I'm having trouble establishing a Ubuntu-LAMP environment with continuous integration - I feel lost from the different solutions out there and time and again I fear that my vanilla-Bash Ubuntu-LAMP establishment-program of four different scripts (aimed for maximally-self-managed hosting platforms like DigitalOcean or Linode) will quickly become outdated:
That some or all of the entire system getting vulnerable/unsupported and then I'll have to create another environment with a newer operating system with newer server environment (web/email) and moving manually all web applications and their data to this new environment, which is hard and consuming when I work alone maintaining my own personal web applications.
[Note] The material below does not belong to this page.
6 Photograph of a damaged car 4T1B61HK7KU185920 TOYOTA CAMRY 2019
VAD (Vagrant-Ansible-Docker)
From all my reading so far I get the impression that a VAD stack (Vagrant-Ansible-Docker) is the only way for me to avoid the problematic state I described above (if I want a VPS environment and not just shared-server hosting platform):
- Release updates and upgrades for my OS (Ubuntu 16.04 to 18.04 to 20.04 - to whatever version; and
ufw
but without changing myufw
directives likeufw --force enable && ufw allow 22,25,80,443
). - Updates and upgrades for all my packages (Apache 2.4-3.4 and so forth;
unattended-upgrades curl wget zip unzip mysql php php-{cli,curl,mbstring,mcrypt,gd} python-certbot-apache ssmtp
, Composer). - Docker images will help me automate creation of bare-metal web applications that I would then change credentially to create new web applications.
This way, for example, Ubuntu will go from 16.04 to 18.04 directly and the Apache package will go from 2 to 3 and all my Apache virtual hosts for Apache 2.4 virtual-host files will automatically transduce into 3.x.x format.
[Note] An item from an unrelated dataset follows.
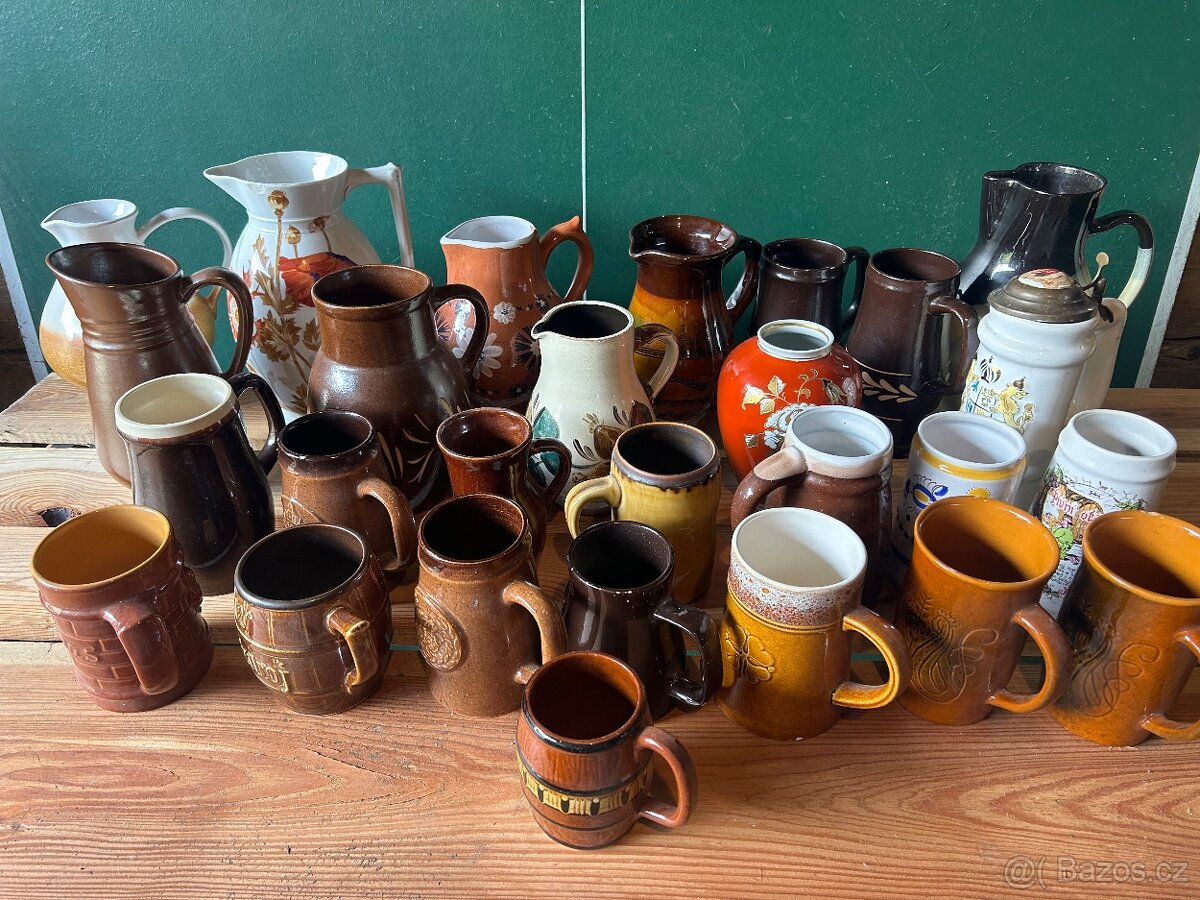 Starší džbány a púllitry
This sounds like a sweet dream with the only disadvantage of performance (I'm not sure a 5$ or even 20$ cloud-partition could handle such stack).
My question
Is my description accurate and if so - what is the common solution that combines these three that I should use (assuming there is some combo which is an industry-standard)?
On the top of such VAD solution, I'll execute much less vanilla-Bash directives (about 25 lines instead 150-200 lines) which will be much easier for me to maintain myself, at least by means of package-management.